I woke up early this morning, too early to get ready for work and still too late to make going back to sleep worth it. I lay there in the dark worrying over recent frustrations, future to-do items, and all the ways I am failing in life. I lay there breathing hard and growing increasingly anxious and upset until I was practically vibrating.
I knew that if I didn’t get up and get some of this bad energy out of me I’d never recover the day. So I got up, grabbed my running shoes and the dog and ran it out as much as I could before I had to return and start the day.
Since then I’ve arrived at work early, eaten a healthy breakfast, gone for another walk, picked up a few groceries, and nearly hit my step goal for the whole day. It’s 7:30 A.M. and I feel amazing! I wonder what else I will accomplish today?

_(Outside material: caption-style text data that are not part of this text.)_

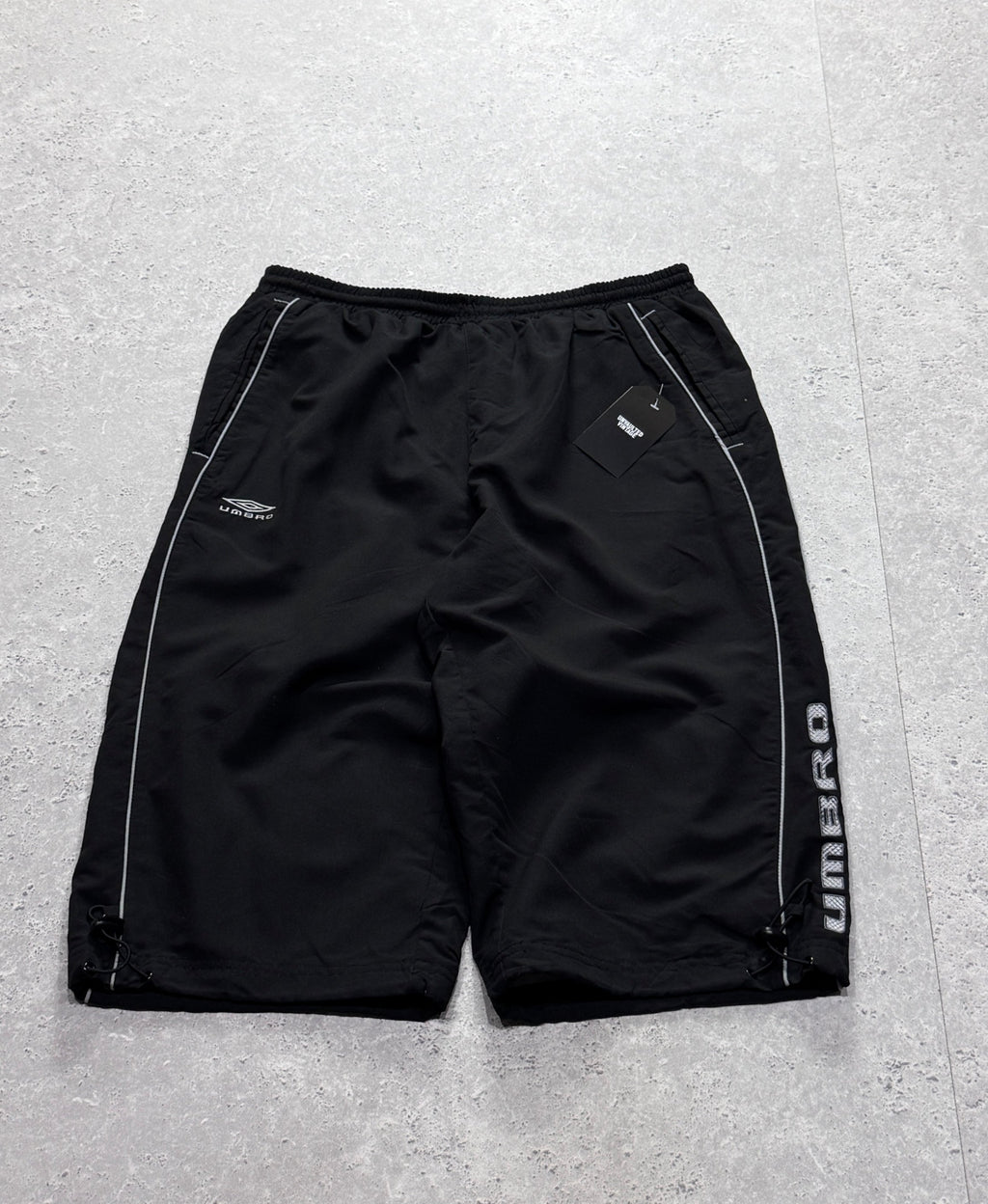 Vintage 2000s Umbro Adjustable 3/4 Track Shorts (M)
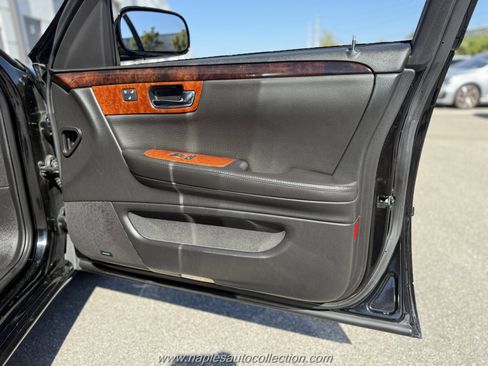 Used 2011 Cadillac DTS Premium image 32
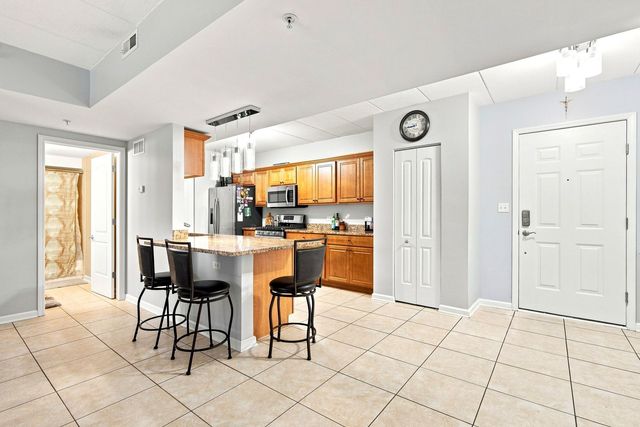 9400 S 79th Avenue 2E, Hickory Hills, IL 60457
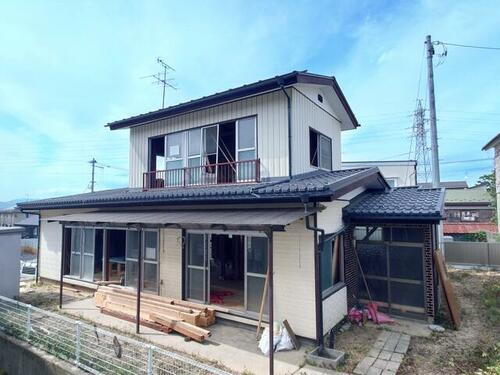 福島県郡山市富久山町久保田字麓山 2階建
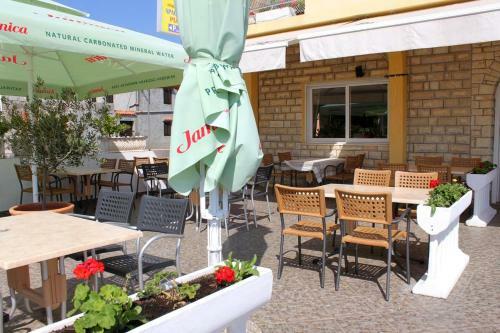 Hostal Twin Room Preko 8180j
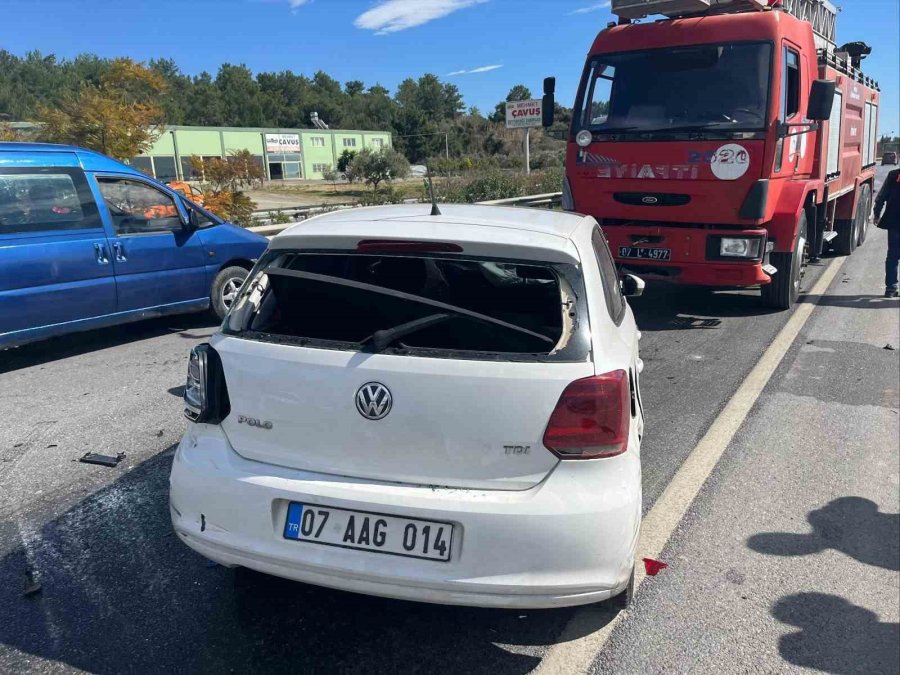 Manavgat’ta 3 Aracın Karıştığı Zincirleme Kazada 1 Kişi Yaralandı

I’m picking up my old journal again tonight. Since I have been posting here, I stopped writing in the physical one, stopped carrying it around with me, hell, I couldn’t even tell you where it is at the moment, but, suddenly, I need it desperately.
Some stresses, misfortunes, and pain, and even some joys and expressions of love only half belong to us, more often even less, and telling a story that isn’t yours alone is, at best, not your place, and, at worst, a betrayal. Still, I must speak and writing has always been the only way, the only place I can speak as just myself with no filter, influence, or fear.